Quantum codes from a new construction of self-orthogonal algebraic geometry codes
Fernando Hernando, Gary McGuire, Francisco Monserrat, Julio José Moyano-Fernández
TL;DR
This work develops a broad, unified method to construct quantum stabilizer codes from self-orthogonal algebraic geometry codes by exploiting a general divisor-theoretic framework. A key result (Theorem 2) expresses the dual of a one-point AG code in terms of a shifted divisor that involves a nonzero divisor $M$ and a derivative-based divisor $f_A$, enabling self-orthogonality for many curve families beyond Castle curves.

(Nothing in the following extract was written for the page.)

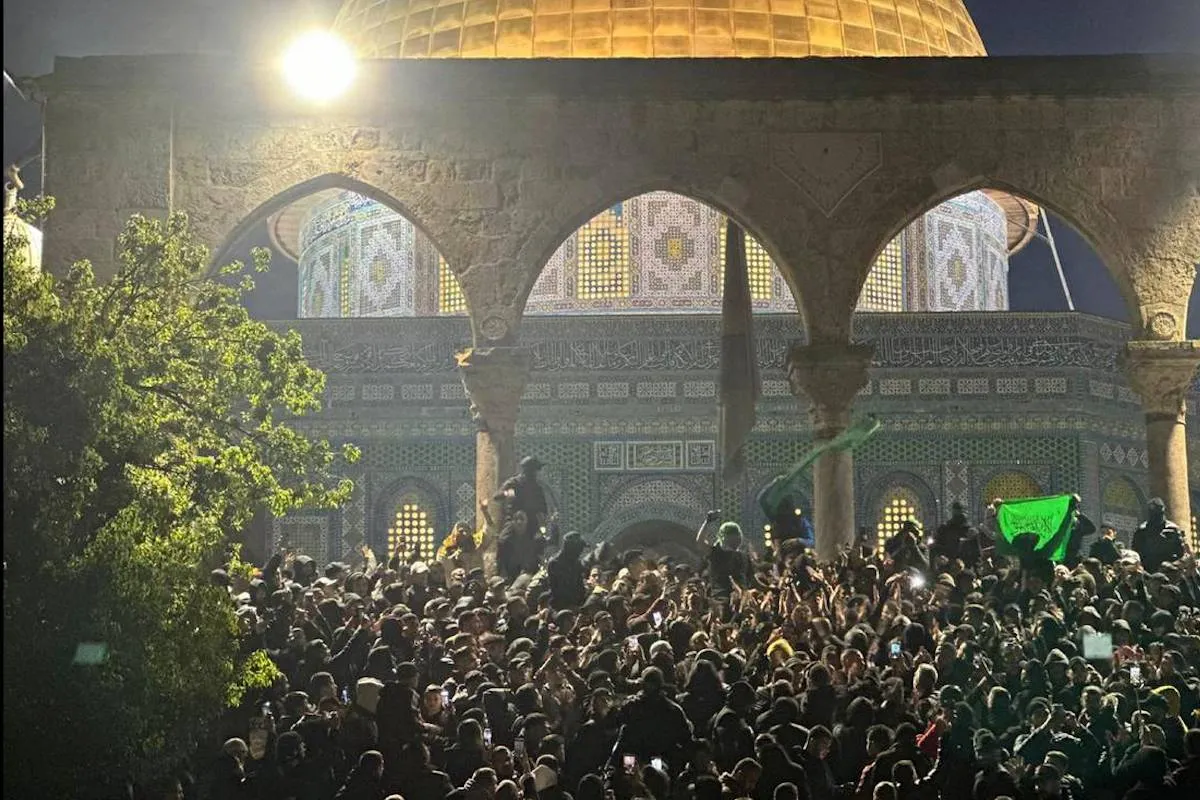 Fiéis palestinos chegam de madrugada aos portões de Al-Aqsa, em Jerusalém ocupada; espera-se que o número de fiéis exceda cem mil pessoas para o fim do Ramadã
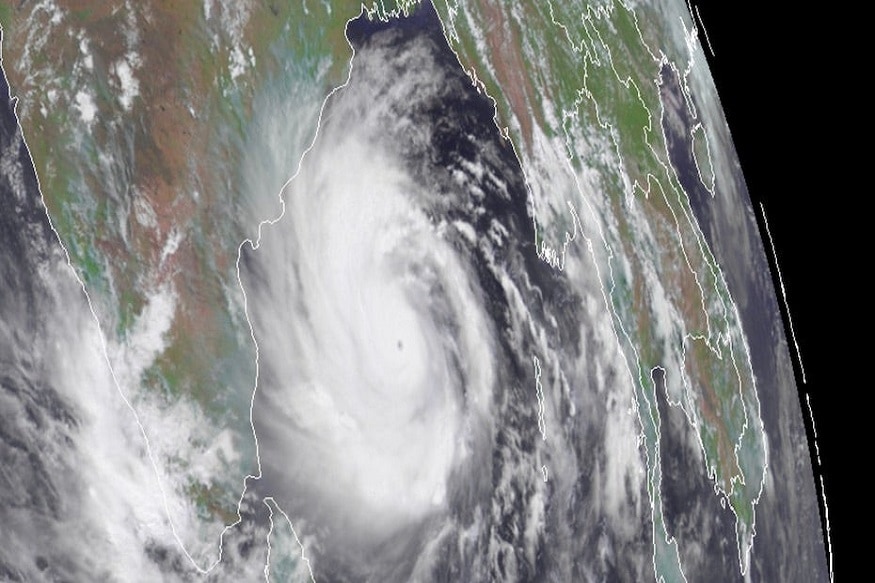 উপকূল এলাকায় উদ্ধারকাজ সোমবার থেকেই শুরু করে দিয়েছে রাজ্য সরকার৷ বিশেষ করে দক্ষিণ ২৪ পরগনায় সুন্দরবনের বিস্তীর্ণ এলাকা থেকে মানুষকে সরানো হচ্ছে নিরাপদ স্থানে৷ উপকূল এলাকায় উদ্ধারকাজ সোমবার থেকেই শুরু করে দিয়েছে রাজ্য সরকার৷ বিশেষ করে দক্ষিণ ২৪ পরগনায় সুন্দরবনের বিস্তীর্ণ এলাকা থেকে মানুষকে সরানো হচ্ছে নিরাপদ স্থানে৷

The paper introduces explicit families of curves, including $A_{n,q,\\ell}$, $B_{q,G}$, and $C_{q,\\ell}$ (and their variants), derives tractable bounds for self-orthogonality under Euclidean and Hermitian inner products, and provides concrete quantum-code parameters that often violate the Gilbert–Varshamov bound. By demonstrating GV-exceeding quantum codes from a wide set of curves (with nonzero $M$ in many cases), the work significantly broadens the pool of usable AG codes for quantum error correction and highlights new pathways for code optimization in quantum information processing.
Abstract
We present new quantum codes with good parameters which are constructed from self-orthogonal algebraic geometry codes. Our method permits a wide class of curves to be used in the formation of these codes, which greatly extends the class of a previous paper due to Munuera, Tenório and Torres. These results demonstrate that there is a lot more scope for constructing self-orthogonal AG codes than was previously known.